WHAT NEEDS TO BE DONE:
Locate "SPOR Kayserispor'dan imza şov SPOR" in the data below, then output the line it is on and all following lines through the last, word for word. Skip any pictures.

Dataset records
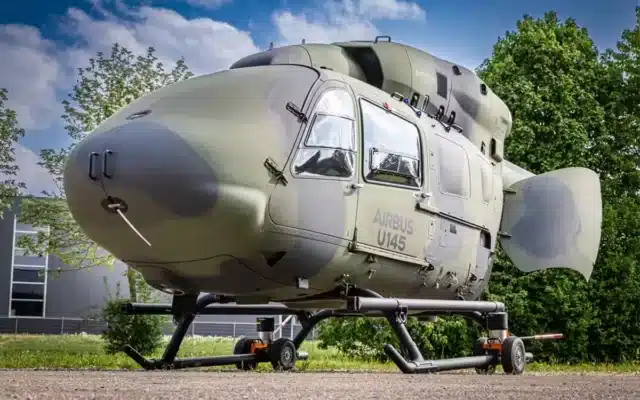 Airbus revelou prototipo do U145 640×400 1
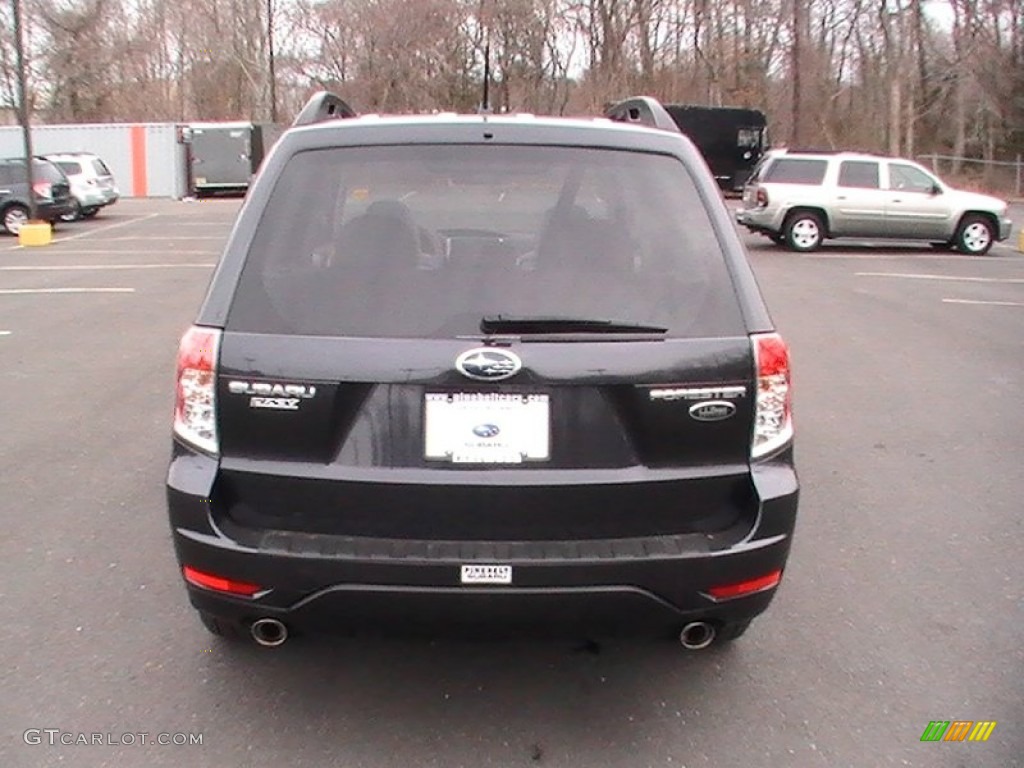 2009 Forester 2.5 X Limited - Obsidian Black Pearl / Platinum photo #5
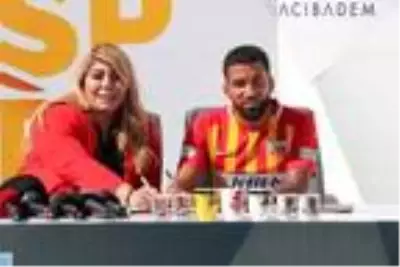 SPOR Kayserispor'dan imza şov SPOR Kayserispor'dan imza şov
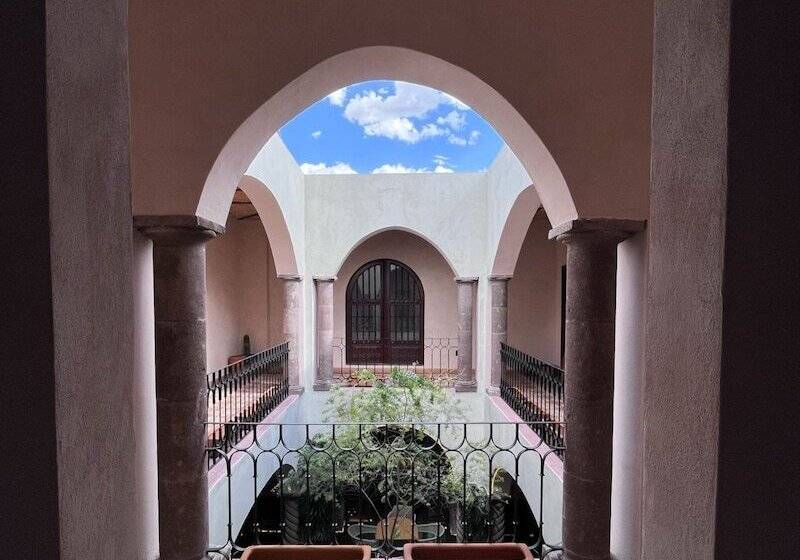هتل Casa Maka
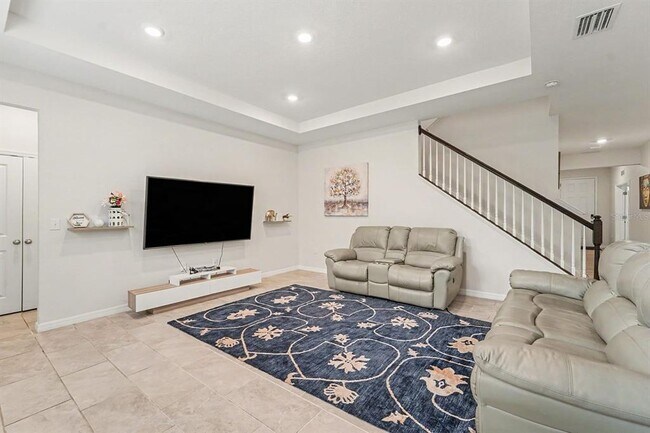 Building Photo - 3221 Living Coral Dr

RESPONSE BOX:
 SPOR Kayserispor'dan imza şov SPOR Kayserispor'dan imza şov
هتل Casa Maka
 Building Photo - 3221 Living Coral Dr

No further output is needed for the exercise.